The Problem: Shared State in Parallel Iteration

use rayon::prelude::*;
 
fn shared_state_problem() {
    // Naive approach: shared mutable state
    let mut counter = std::sync::atomic::AtomicUsize::new(0);
    
    (0..1_000_000).into_par_iter().for_each(|_| {
        counter.fetch_add(1, std::sync::atomic::Ordering::Relaxed);
    });
    
    // Works, but every increment requires:
    // 1. Atomic operation
    // 2. Cache coherence traffic
    // 3. Potential contention between threads
    
    // This is slow for high-frequency updates
}

Sharing state across threads requires synchronization (atomics, locks), causing contention and cache coherence overhead.

The Solution: Thread-Local State

use rayon::prelude::*;
 
fn thread_local_state() {
    // Each thread gets its own counter
    let total = std::sync::atomic::AtomicUsize::new(0);
    
    (0..1_000_000).into_par_iter().for_each_init(
        // init: Create initial state for each thread
        || 0usize,
        // op: Process element with thread-local state
        |counter, _| {
            *counter += 1;
        },
    );
    
    // But wait - how do we get the result?
    // for_each_init doesn't return the state
}

Each thread accumulates into its own state, avoiding synchronization for each update.

for_each_init Signature

use rayon::prelude::*;
 
fn signature_explanation() {
    // for_each_init has this signature:
    // fn for_each_init<OP, INIT, T>(
    //     self,
    //     init: INIT,           // Creates thread-local state
    //     op: OP,                // Processes each element
    // ) where
    //     INIT: Fn() -> T + Sync,       // Returns initial state
    //     OP: Fn(&mut T, Self::Item) + Sync,  // Uses state and element
    //     T: Send,                       // State can be sent between threads
    
    // Key points:
    // - init is called for each thread that needs state
    // - op receives mutable reference to state and the element
    // - State is NOT returned - for_each_init returns ()
}

for_each_init is for side-effect operations where you don't need the accumulated state back.

Initialization Per Thread

use rayon::prelude::*;
use std::cell::Cell;
 
fn per_thread_init() {
    let thread_count = std::sync::atomic::AtomicUsize::new(0);
    
    (0..100).into_par_iter().for_each_init(
        || {
            // This is called ONCE per worker thread
            // (or more if work is stolen)
            thread_count.fetch_add(1, std::sync::atomic::Ordering::Relaxed);
            Vec::new()  // Each thread gets its own Vec
        },
        |vec, item| {
            // Each thread accumulates into its own Vec
            vec.push(item);
        },
    );
    
    // Number of Vecs created == number of threads that did work
    // (Plus potential additional ones from work stealing)
}

The init function is called once per thread, creating isolated state instances.
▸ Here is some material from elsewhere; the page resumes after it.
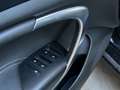 Opel Insignia 1.6CDTI ecoF. S&S Excellence 136 Negro - thumbnail 42
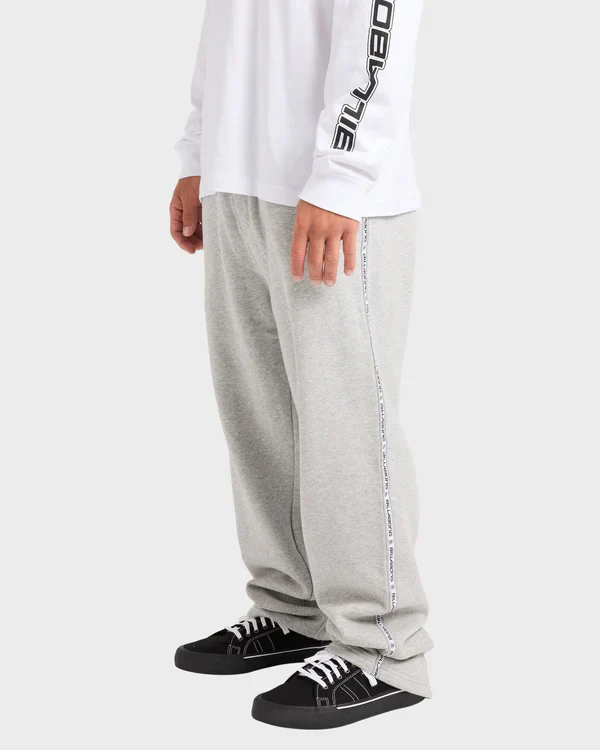 Spec 73 Track Pant - Image 4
Work Stealing and State Cloning

use rayon::prelude::*;
 
fn work_stealing() {
    // Rayon uses work stealing: threads can steal work from each other
    
    // When work is split between threads:
    // 1. Original thread keeps its state
    // 2. New thread calls init() to get its own state
    
    // If state needs to be "inherited" (rare), you'd use fold instead
    
    (0..1000).into_par_iter().for_each_init(
        || {
            println!("Creating new state");
            Vec::new()
        },
        |vec, item| {
            vec.push(item);
        },
    );
    
    // You might see "Creating new state" multiple times
    // Each worker thread creates its own state
    // Work stealing causes init to be called again
}

When work is stolen, the stealing thread calls init() to create its own state copy.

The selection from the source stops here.